Arge dönemi, ürünümüzü şekllendirdiğimiz ürünümüzün ne olacağına karar verdiğimiz süreçtir. Ürünü pazara lanse ettiğimiz andan itibaren artık ürünümüz pazarda kendine yer elde ediyor. Burasıda çok beklenen birşey çünkü konseptimiz güçlü, bu konseptimizle ürünümüzü lanse ettik, ürünümüz pazarda pazar payı almaya başlıyor ve büyüyor.
İşte bu noktadan sonra olgunduk döneminde nasıl davrancağı hem bizim pazarlama stratejilerimiz ile ilgili hemde rakiplerimizin nasıl yaklaşacağı ile ilgili.
Pazarda artık bu noktadan sonra bir yenilik yarattık bir boşluk gördük ve o boşluğu doldurduk ama rakiplerimiz bu konuda hareketsiz kalmayacak. Tüketicilerin artık o ihtiyacı yavaş yavaş giderilmiş olucak, ilk yarattığımız heyecan devam etmeyecek.
Bu durumda artık pazar payımız ciromuz satış payımız yavaş yavaş normalize olucak yani artık maksimum seviyeye ulaşmış olucak. İşte bu noktadan sonra artık pazarda yavaş yavaş rakiplerinde gelmesi ile birlikte düşüş başlayacak.
Yani artık bu üründen şirketimiz yeterince kar elde edemeyecek. İşte bu yaşam eğrisinde bizim o ürünü artık öldürüp bırakıcağımız mı yoksa daha da büyümeye devam edicez noktasında sizlerle daha önce paylaştığım pazarlama döngüsü devreye giriyor.
Bu noktada artık tüketicilerin bizim ürünümüzden duymak istedikleri yeni bir mesaj ortaya çıkıcak. Ve şu kararı vermemiz gerekicek, biz bu marka ve ürüne yepyeni bir konseptle yeni bir heyecan katıp tekrardan büyütmeyimi hedeflicez yoksa o üründen karlılığımızı yavaş yavaş azaltırken yeni ürünlerle şirketimizin karlılığını büyütmeye devam mı edicez.
Unutmayalım ki hiç bir şirket tek bir ürüne dayalı olarak sürekli aynı karlılığı sürdüremeyecektir. Çünkü teknoloji değişicek, tüketici beklentileri değişicek, rakipler pazara giricek, dolayısı ile de daha rekabetçi hale gelicektir.

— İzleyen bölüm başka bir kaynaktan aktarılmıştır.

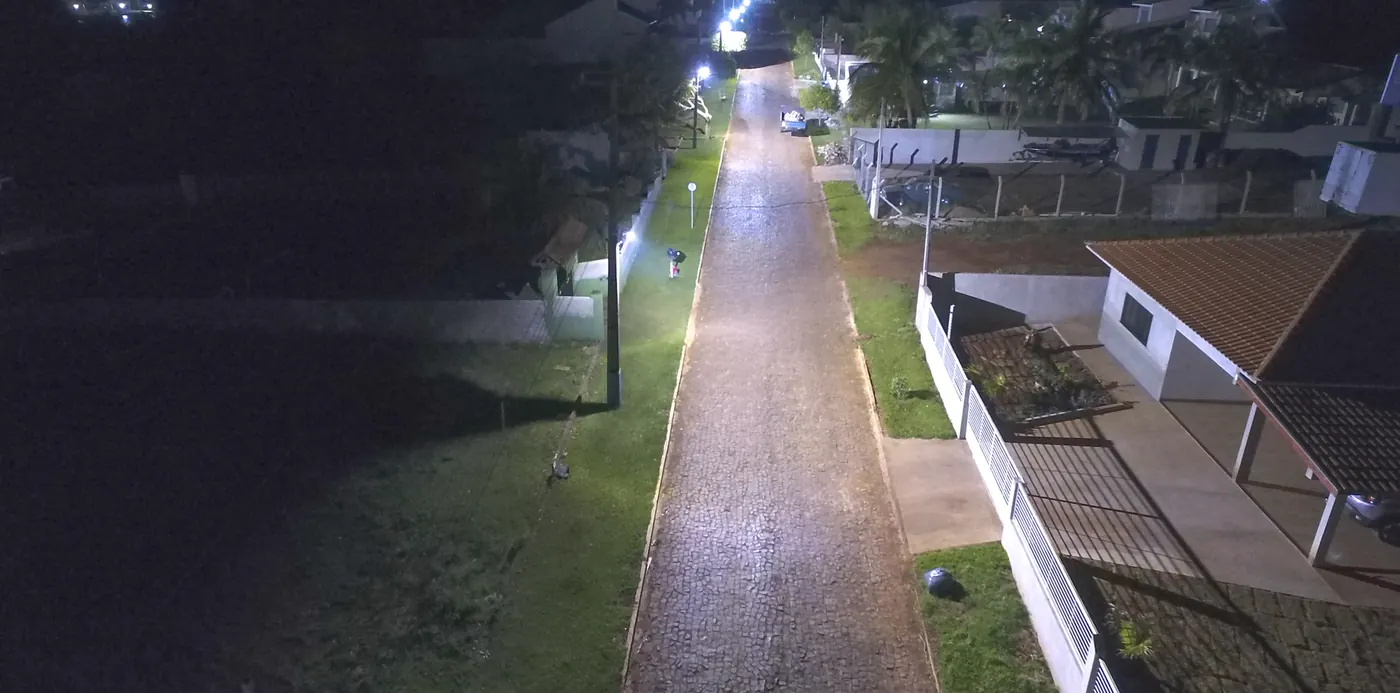 Condomínio – Santa Inês: iluminação LED — foto aérea 5 de 6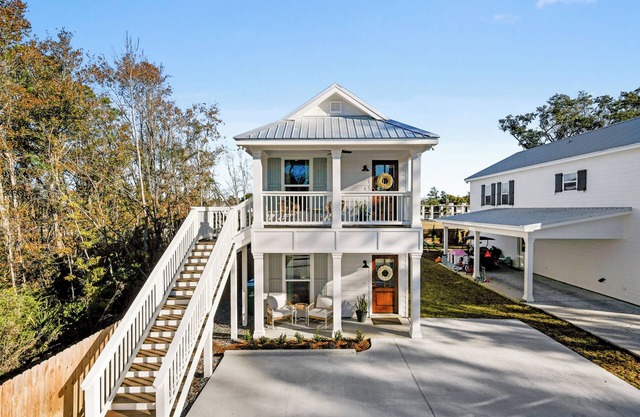 Magnolia Suites B & C Bay St Louis Vacation Rental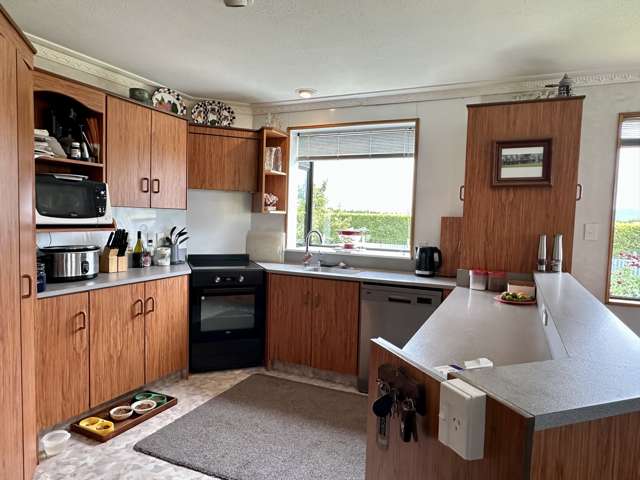 8 Humphries Road Waimumu_1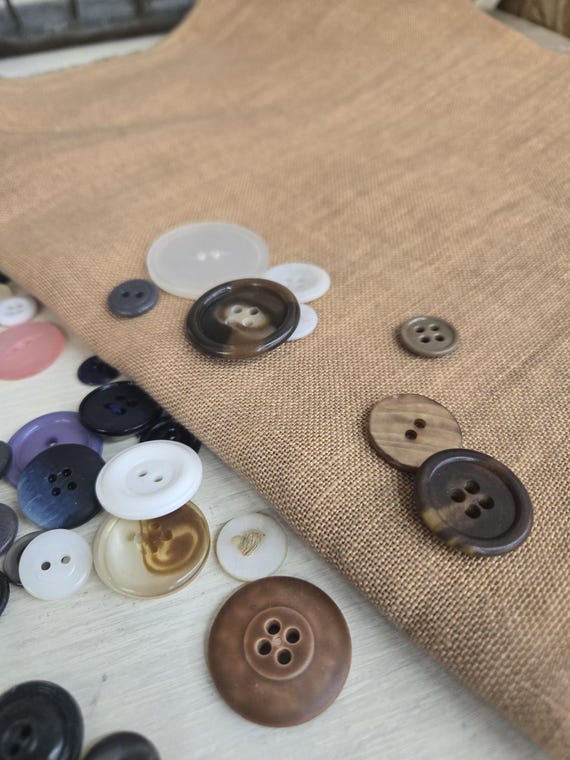 Weeks Dye Works...Mocha...32ct...Fat Quarter...100% linen...cross stitch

Şirketlerin bu ürün yaşam döngüsünün farklında olmaları, arge faaliyetlerini sürekli kılmaları, tüketici ihtiyaçlarının neler olduğunu araştırma faaliyetlerini sürekli kılmaları kaçınılmazdır.
O nedenle tüm şirketlerin, pazarlamacıların yapması gereken ürünlerinin miyadını ne zaman doldurucağını yani ürünlerinin karlılık seviyelerinin nerden itibaren azalmaya başlayacağını hissedip o yönde araştırma ve ürün geliştirme faaliyetlerini yoğunlaştırmalı ve artırmalılar.